YOUR GOAL →
What is needed is an exact reproduction of the listing, without its pictures.

SUPPLIED MATERIAL →
»»
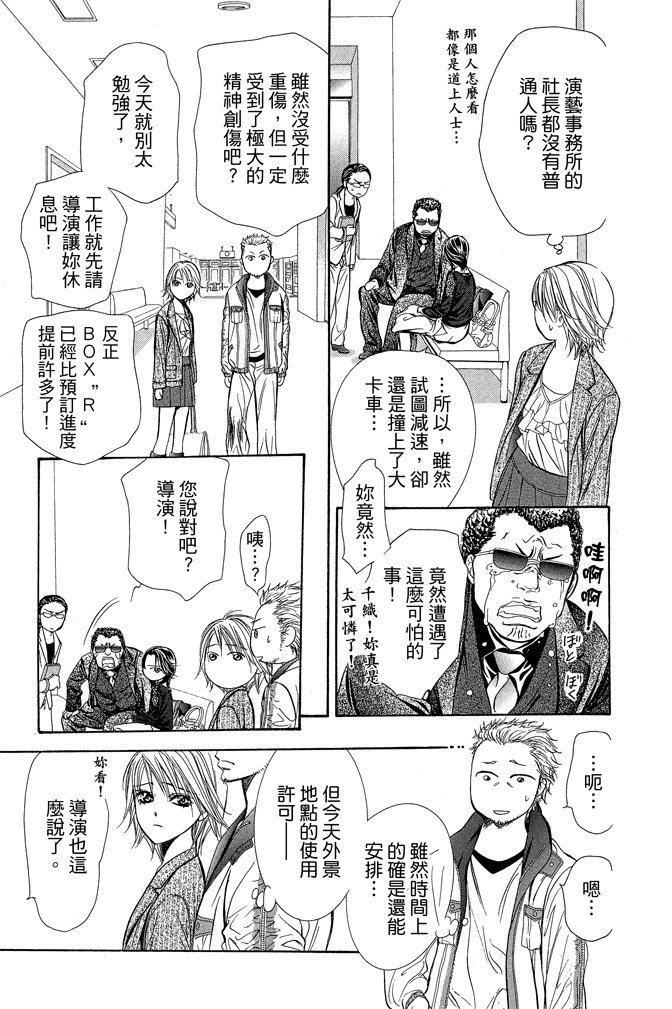 第162页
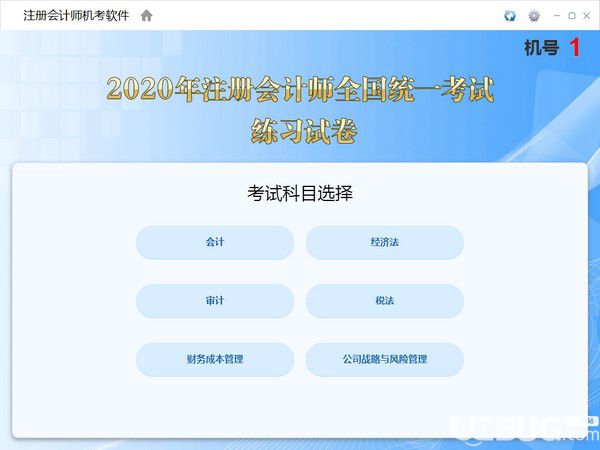 CPA项目网推怎么做？软件推广平台有何奥秘？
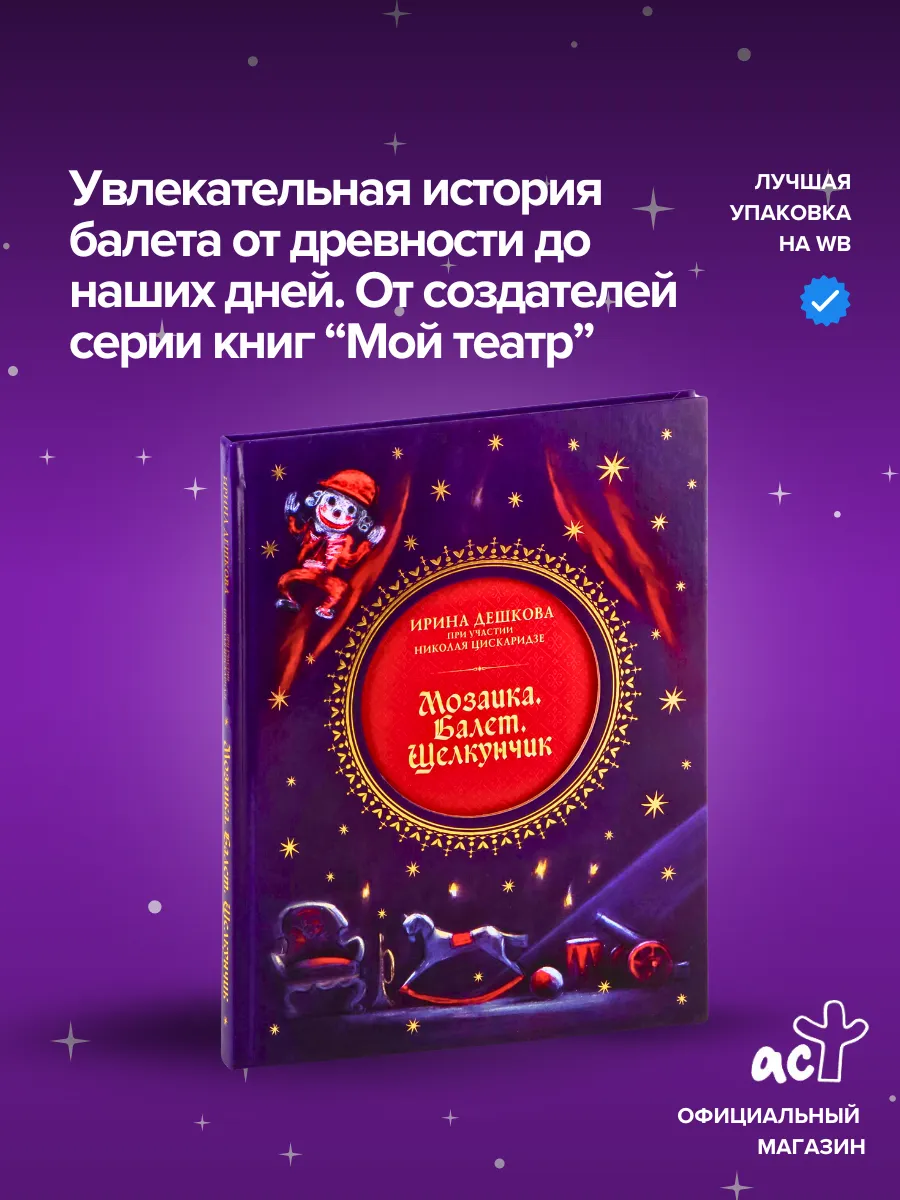 Мой театр. Мозаика. Балет....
««
RESULT OF THE EXERCISE →
 第162页
 CPA项目网推怎么做？软件推广平台有何奥秘？
 Мой театр. Мозаика. Балет....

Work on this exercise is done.